Of the latter, she explains, “It’s a program about voice, about finding their authentic voice and expressing that creatively, and using creative writing to solve problems.  They’re actually excited by this. They feel empowered by it.  It’s the sort of thing where you get to watch kids have these extraordinary breakthroughs.”

Miley Cyrus Latest Disney Darling to Go From Virginal to Vixenish

Miley Cyrus at 2009 Teen Choice Awards

As Miley Cyrus contemplates her disappointing “Can’t Be Tamed” album sales and absorbs response to her latest stream of “Let Me Prove to You I’m a Grownup” antics – lap dancing with a director, vamping it up in tarty outfits on stage – we can’t help but compare her journey to those of so many Disney darlings before her.

What is it about crashing a sweet, virginal image to smithereens that makes it so inviting?

Of course, Britney Spears leaps to mind.  Miley has made it clear she’s a huge fan of  the 28-year-old superstar whose rollercoaster life has provided careers for tabloid writers and bloggers and paparazzi since 1999, when the former Mousketeer caused a stir with a Rolling Stone magazine cover in which she appeared lying on her bed clad in shorts, bra, and open top.  The American Family Association called for a boycott of stores selling her albums.  Shades of Miley’s Vanity Fair Lolita-esque photo brouhaha.

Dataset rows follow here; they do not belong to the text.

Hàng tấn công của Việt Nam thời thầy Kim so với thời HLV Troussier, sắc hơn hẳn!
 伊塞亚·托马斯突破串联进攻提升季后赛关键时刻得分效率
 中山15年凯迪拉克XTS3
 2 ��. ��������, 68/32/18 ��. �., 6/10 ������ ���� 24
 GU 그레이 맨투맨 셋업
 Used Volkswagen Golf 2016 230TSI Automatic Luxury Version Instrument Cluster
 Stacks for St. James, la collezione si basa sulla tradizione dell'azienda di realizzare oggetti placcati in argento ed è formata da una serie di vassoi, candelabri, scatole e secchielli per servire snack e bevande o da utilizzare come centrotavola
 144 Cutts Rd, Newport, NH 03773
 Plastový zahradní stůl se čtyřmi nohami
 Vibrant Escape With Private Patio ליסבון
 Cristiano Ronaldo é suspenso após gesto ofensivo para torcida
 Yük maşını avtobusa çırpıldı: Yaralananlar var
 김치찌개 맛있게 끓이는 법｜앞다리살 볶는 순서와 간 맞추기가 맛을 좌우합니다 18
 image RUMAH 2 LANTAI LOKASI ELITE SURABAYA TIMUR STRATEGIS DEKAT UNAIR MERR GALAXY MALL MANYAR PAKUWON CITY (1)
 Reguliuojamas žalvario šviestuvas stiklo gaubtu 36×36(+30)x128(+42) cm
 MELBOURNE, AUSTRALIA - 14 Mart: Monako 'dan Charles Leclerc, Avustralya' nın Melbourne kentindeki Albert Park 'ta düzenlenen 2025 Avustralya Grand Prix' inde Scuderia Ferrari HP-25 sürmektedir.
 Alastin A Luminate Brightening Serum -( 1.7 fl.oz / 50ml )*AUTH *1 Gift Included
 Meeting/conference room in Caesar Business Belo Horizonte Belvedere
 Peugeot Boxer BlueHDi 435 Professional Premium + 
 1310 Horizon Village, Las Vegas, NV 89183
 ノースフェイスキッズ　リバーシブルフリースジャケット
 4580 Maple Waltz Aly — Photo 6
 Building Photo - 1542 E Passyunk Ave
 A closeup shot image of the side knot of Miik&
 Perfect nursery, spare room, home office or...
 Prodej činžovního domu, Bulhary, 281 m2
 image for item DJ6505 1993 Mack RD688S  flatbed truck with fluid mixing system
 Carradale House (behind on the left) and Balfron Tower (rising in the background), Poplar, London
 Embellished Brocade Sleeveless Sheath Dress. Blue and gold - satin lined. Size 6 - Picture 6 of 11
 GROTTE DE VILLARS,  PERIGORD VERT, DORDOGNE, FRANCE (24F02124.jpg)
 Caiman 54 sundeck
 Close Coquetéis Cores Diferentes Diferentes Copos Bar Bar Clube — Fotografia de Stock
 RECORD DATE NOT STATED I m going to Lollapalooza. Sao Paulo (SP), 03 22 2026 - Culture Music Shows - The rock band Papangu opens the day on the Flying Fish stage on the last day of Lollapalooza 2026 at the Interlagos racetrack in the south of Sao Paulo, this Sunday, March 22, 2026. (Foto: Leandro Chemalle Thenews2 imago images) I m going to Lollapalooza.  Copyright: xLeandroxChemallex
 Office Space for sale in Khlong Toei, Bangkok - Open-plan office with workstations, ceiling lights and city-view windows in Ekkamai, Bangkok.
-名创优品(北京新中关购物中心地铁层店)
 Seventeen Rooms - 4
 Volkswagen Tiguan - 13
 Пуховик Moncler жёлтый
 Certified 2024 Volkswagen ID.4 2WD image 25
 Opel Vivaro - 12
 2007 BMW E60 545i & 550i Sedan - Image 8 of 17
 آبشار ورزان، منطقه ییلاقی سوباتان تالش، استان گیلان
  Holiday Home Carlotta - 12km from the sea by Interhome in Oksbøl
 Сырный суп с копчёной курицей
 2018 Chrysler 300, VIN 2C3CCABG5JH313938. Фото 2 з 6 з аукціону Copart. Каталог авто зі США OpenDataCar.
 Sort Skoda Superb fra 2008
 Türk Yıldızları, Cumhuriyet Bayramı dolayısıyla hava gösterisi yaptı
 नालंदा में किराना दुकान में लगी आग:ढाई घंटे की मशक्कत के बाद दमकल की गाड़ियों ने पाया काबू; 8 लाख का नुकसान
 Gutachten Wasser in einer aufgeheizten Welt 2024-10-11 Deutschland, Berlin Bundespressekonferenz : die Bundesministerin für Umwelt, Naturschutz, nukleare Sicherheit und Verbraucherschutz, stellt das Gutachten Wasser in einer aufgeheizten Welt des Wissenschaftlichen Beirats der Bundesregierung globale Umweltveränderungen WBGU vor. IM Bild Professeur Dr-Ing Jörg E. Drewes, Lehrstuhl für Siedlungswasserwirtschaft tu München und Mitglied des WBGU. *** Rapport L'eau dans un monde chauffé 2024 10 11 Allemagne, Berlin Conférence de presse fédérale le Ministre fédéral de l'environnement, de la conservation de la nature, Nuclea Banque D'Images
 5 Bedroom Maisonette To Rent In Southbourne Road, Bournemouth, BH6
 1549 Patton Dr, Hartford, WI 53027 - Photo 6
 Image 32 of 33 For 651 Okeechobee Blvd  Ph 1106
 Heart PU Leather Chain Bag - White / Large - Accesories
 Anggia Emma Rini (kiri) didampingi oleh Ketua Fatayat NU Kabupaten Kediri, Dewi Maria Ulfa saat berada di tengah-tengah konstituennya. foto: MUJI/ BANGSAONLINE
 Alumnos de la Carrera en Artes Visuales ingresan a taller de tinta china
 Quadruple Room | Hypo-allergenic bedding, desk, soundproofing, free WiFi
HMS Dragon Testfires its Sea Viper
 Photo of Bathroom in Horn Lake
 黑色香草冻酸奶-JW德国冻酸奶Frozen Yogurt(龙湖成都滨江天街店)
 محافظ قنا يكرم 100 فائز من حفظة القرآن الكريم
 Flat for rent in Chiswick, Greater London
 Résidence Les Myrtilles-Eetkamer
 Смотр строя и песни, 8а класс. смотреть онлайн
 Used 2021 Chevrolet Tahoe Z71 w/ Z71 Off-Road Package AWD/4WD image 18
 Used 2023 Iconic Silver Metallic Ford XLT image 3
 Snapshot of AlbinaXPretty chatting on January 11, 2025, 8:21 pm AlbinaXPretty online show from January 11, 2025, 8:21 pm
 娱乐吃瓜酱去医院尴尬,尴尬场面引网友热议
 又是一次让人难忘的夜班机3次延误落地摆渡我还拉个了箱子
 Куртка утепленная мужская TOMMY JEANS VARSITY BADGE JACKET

Christina Aguilera, Britney’s fellow former Mousketeer, traded in her girl-next-door wholesomeness for piercings, a neck tattoo, and a string of raunchy songs and videos.

Older audience members remember original Mousketeer Doreen Tracy, who posed for the men’s magazine Gallery wearing her Mousketeer ears and not much else, and who came out with a book, “Confessions of a Mouseketeer.”

Sadly, there is the train wreck that is once-promising Disney movie star Lindsay Lohan.

Somehow, “Princess Diaries” star Anne Hathaway managed to transition to adulthood in such a deft and sophisticated way, her audience accepted her doing nudity in movies and handling exceptionally gritty material – as in her Oscar-nominated turn in “Rachel Getting Married” – with little turmoil

Which is more than can be said for Hathaway’s onscreen grandma, the Queen of Genovia herself, the great Julie Andrews.  Globally adored after successes including “Mary Poppins” and “The Sound of Music,” she was delighted when her husband, Blake Edwards, put her in his 1981 satire “S.O.B.” as a goody-goody actress who makes a musical that flops and is then re-shot as a pornographic film.

“Mary Poppins Goes Topless” screamed headlines.  It created a furor at the time, but was eventually granted grudging acceptance.  Sure, she did it – but we’d rather watch the movies that have our Julie practically perfect in every way.